> _Task to carry out_: From the listing below, reproduce exactly the lines starting with the one with "Jeanneau Sun Odyssey 409 | Juana Fe" and going on through the one with "1G1FX6S06P4170011 · 2023 CHEVROLET BOLT EV", both ends kept. No picture is copied.

> _Dataset records_:
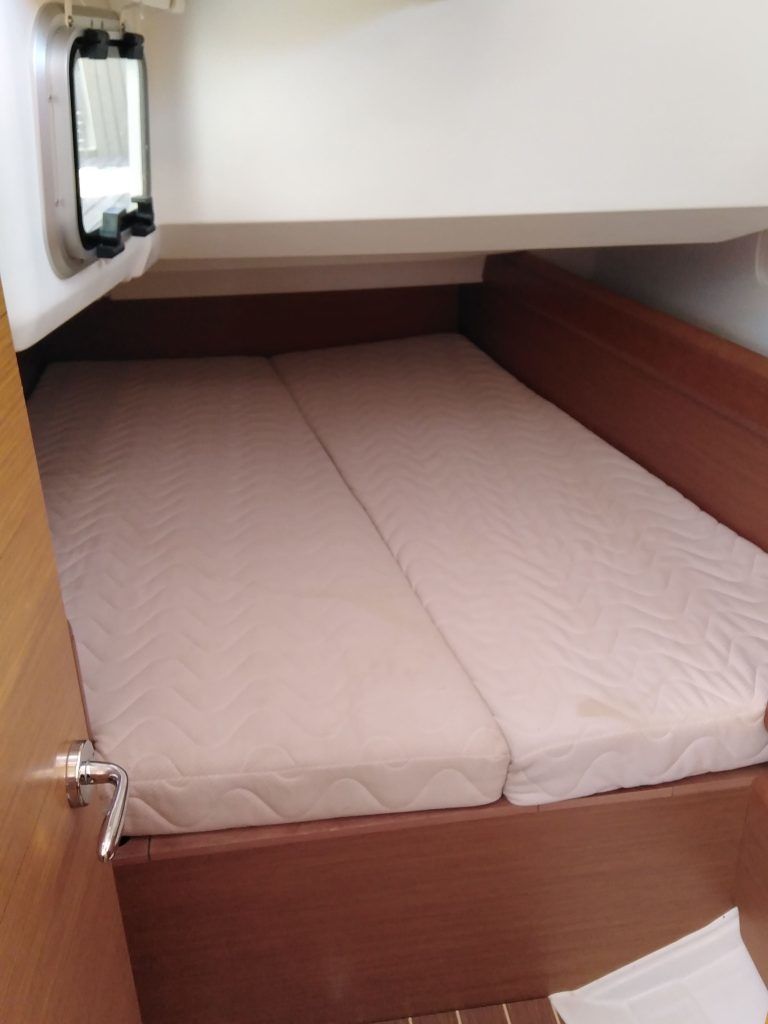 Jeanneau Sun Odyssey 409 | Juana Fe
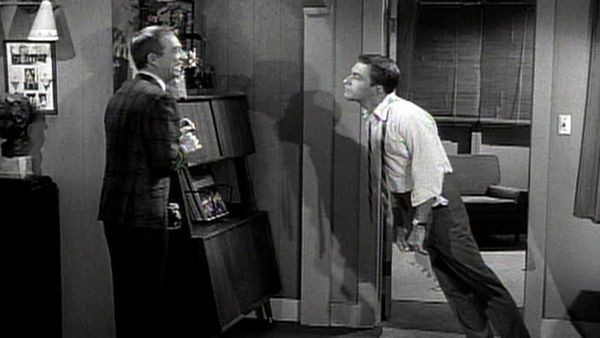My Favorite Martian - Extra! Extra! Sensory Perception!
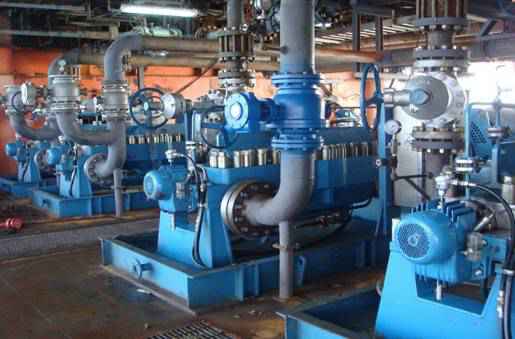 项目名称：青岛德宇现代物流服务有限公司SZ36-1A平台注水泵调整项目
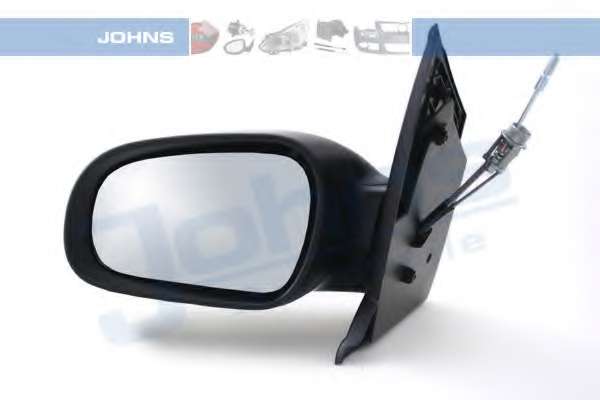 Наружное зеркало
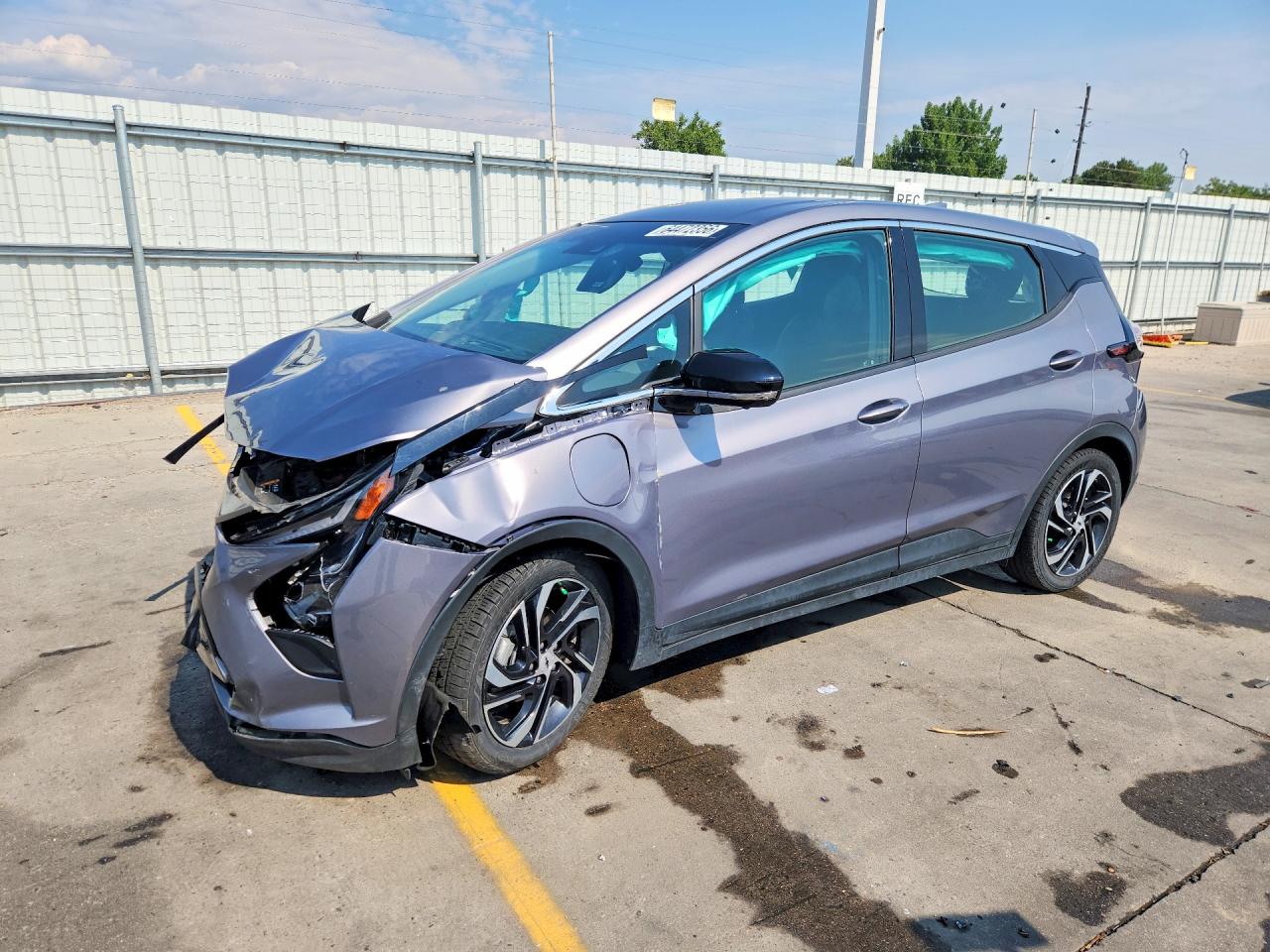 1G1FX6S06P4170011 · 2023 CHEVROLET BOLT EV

...

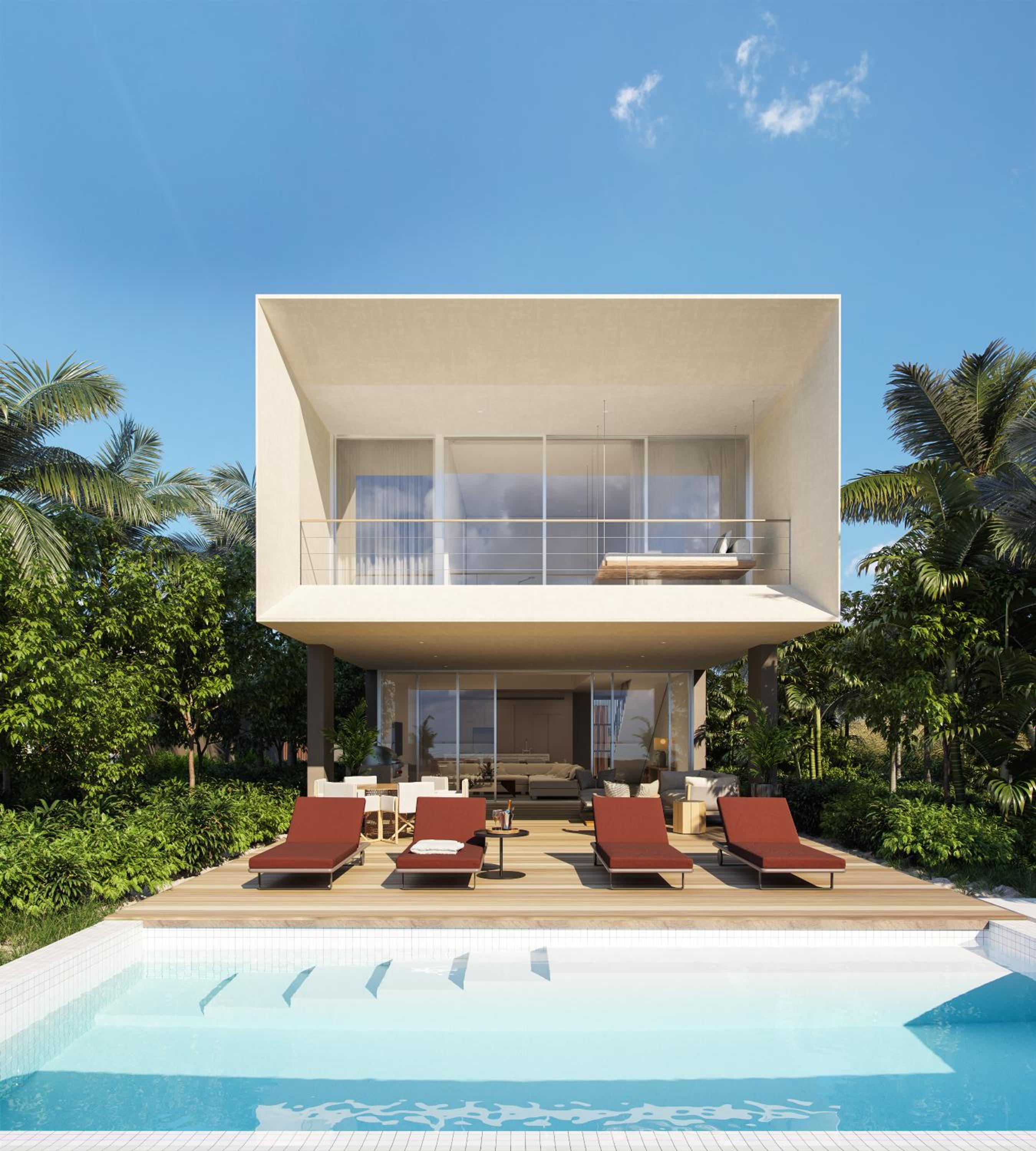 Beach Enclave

---

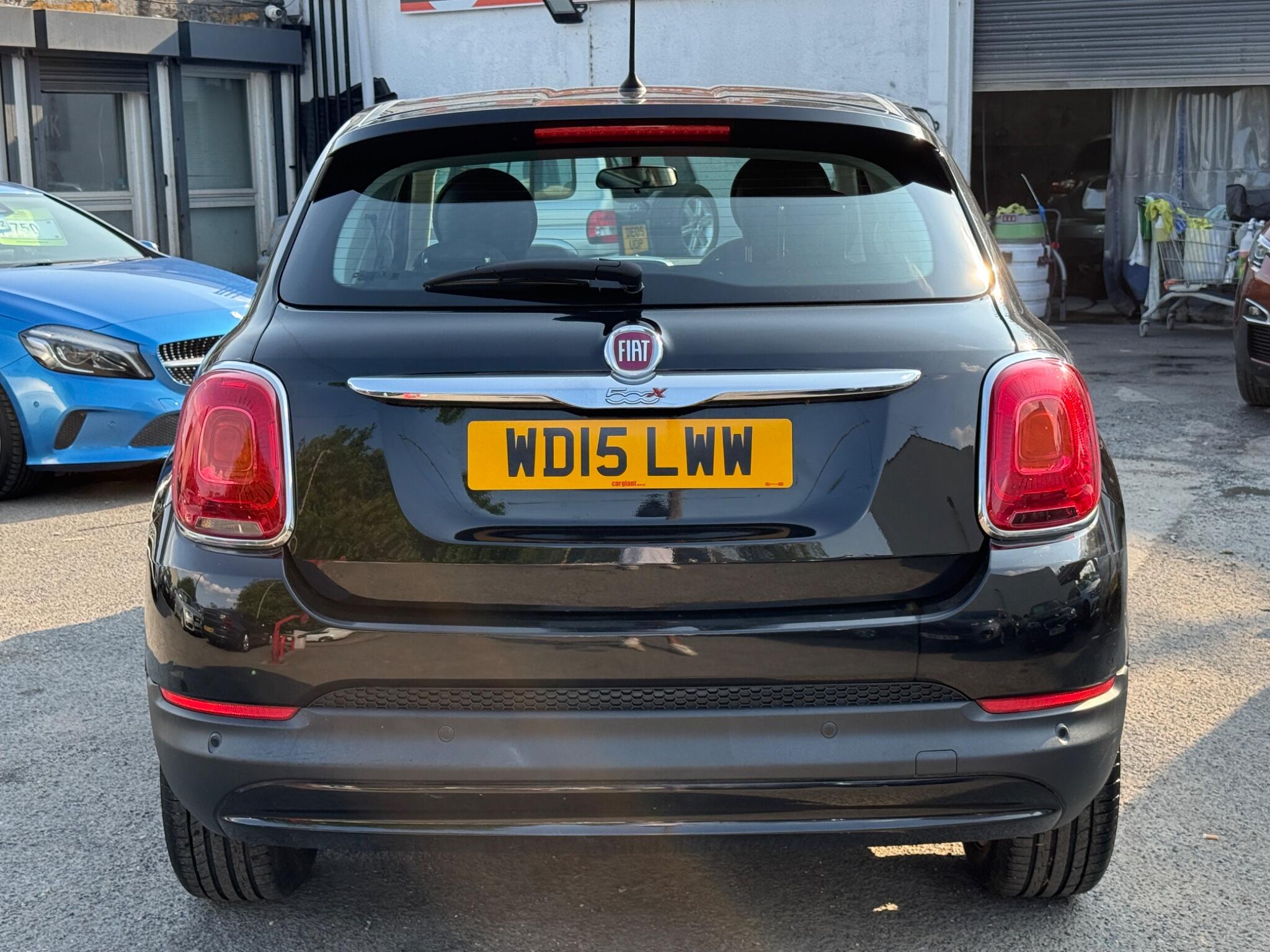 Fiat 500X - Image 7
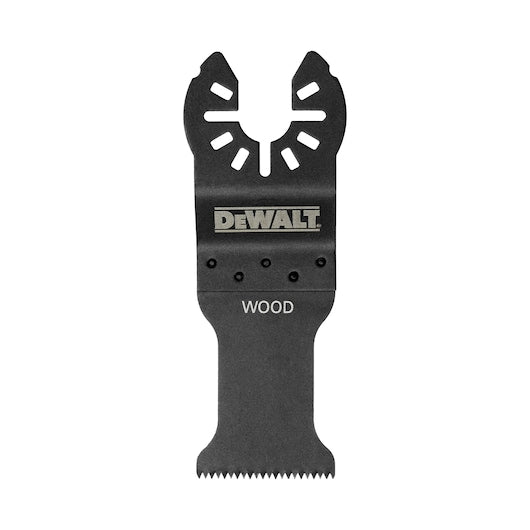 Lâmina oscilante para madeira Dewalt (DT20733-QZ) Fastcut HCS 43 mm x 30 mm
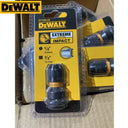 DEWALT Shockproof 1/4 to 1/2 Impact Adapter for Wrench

> _Solution below_:
 Jeanneau Sun Odyssey 409 | Juana Fe
My Favorite Martian - Extra! Extra! Sensory Perception!
 项目名称：青岛德宇现代物流服务有限公司SZ36-1A平台注水泵调整项目
 Наружное зеркало
 1G1FX6S06P4170011 · 2023 CHEVROLET BOLT EV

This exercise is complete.